With respect to the proposition that in the end all men, demons, and even Satan himself will be saved, Scripture teaches the very opposite (Matthew 7:13, 14; 22:14; 25:10; 25:41; 25:46; Jude 6).
God is the Creator. He has so created us that we instinctively rebel against the idea of everlasting punishment. Hence, this idea cannot be true, for “the voice of the people is the voice of God.”
The rejection of the idea of everlasting punishment springs not from creation but from rebellion. And surely after the fall the slogan, “The voice of the people is the voice of God” is in need of considerable qualification. Man, prompted by his evil nature, prefers Barabbas to Christ.
God is the Revealer. In his Word he does not teach that the wicked go to hell when they die.
We are now getting to the very heart of the matter. The question is not whether Ingersoll or anyone else dislikes, hates, despises, and defies the doctrine of hell, but whether God in his Word has revealed it. This leads us now to the final sub-heading:
3. DOES THE BIBLE REALLY TEACH THAT THE WICKED GO TO HELL WHEN THEY DIE?

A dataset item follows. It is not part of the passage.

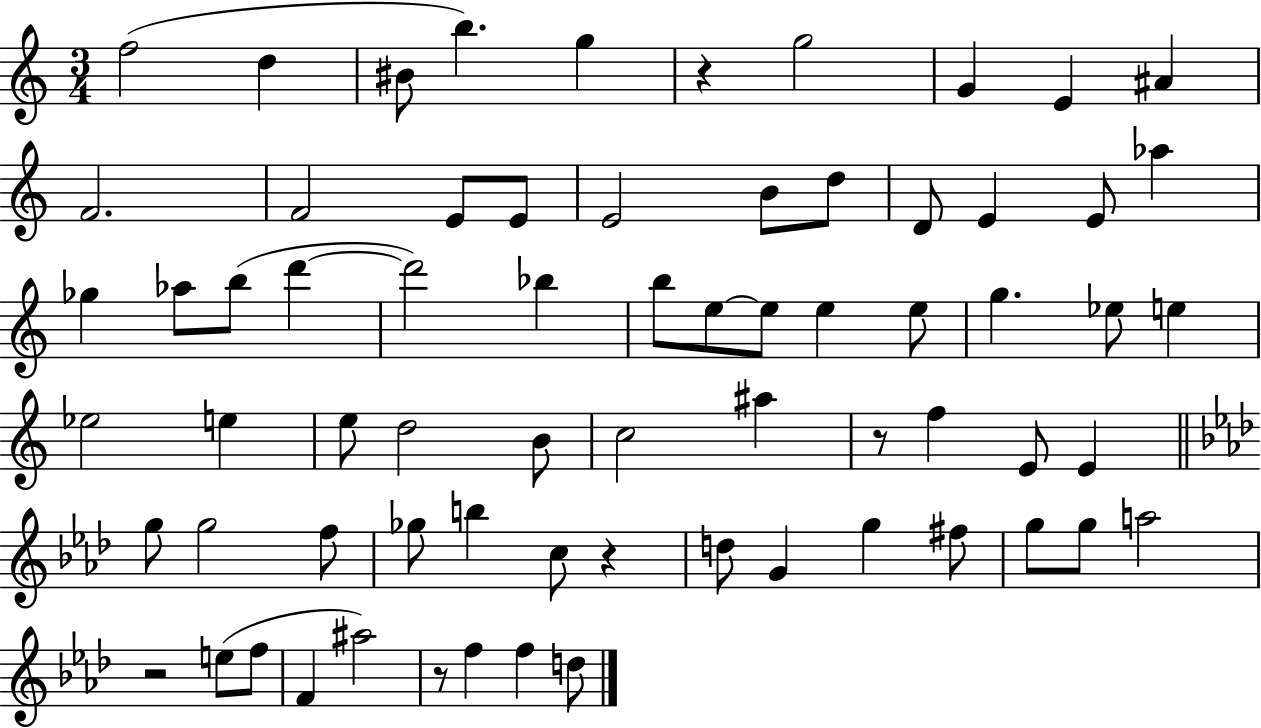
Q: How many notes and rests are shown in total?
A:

Here we must be careful. Very often when Scripture speaks about the eternal destiny of the wicked, it is discussing their final state, that is, their punishment as to both body and soul after the judgment day. A special Outline will be devoted later on to this subject. But here we are dealing only with the question whether the wicked go to hell when they die. Scripture’s teaching on this point, though not extensive, is clear enough. A few citations must suffice. According to Asaph, when the wicked die they are plunged into ruin. They become a desolation in a moment. They are swept away utterly by terrors (Psalm 73:12–19). When “the rich man” dies, he descends to a place of torments, from which there is no escape (Luke 16:23, 26). And when Judas committed suicide, he went “to his own place,” the place of perdition naturally (Acts 1:25).
QUESTIONS FOR DISCUSSION
A. Questions Answered in the Outline
1. What did Ingersoll say about the doctrine of hell?
2. What do the Russellites—Jehovah’s Witnesses—say about it?
3. And the Seventh Day Adventists?
4. What objections are advanced against the doctrine of hell, and how can these objections be answered?
5. Does the Bible teach that the wicked go to hell when they die?
B. Additional Questions
1. Is it possible to be on the wrong side with respect to the doctrine of hell, but on the right side with respect to the doctrine of redemption through Christ?
2. Russellites used to call themselves “International Bible Students.” But is the Bible really basic in their thinking? What is basic for them?
3. Are we in our own circles guilty of over-emphasizing the doctrine of everlasting punishment? Of under-emphasizing it?
4. Is the following correct and complete: According to the author of Psalm 73 the wicked prosper greatly in this life, while the righteous are afflicted. But in the end the tables are turned?—See especially verses 23 and 24.
5. Those who say that the doctrine of hell is inconsistent with God’s !ove, and that, acccordingly, there is no hell, face still another difficulty, not mentioned in the Outline. What is it?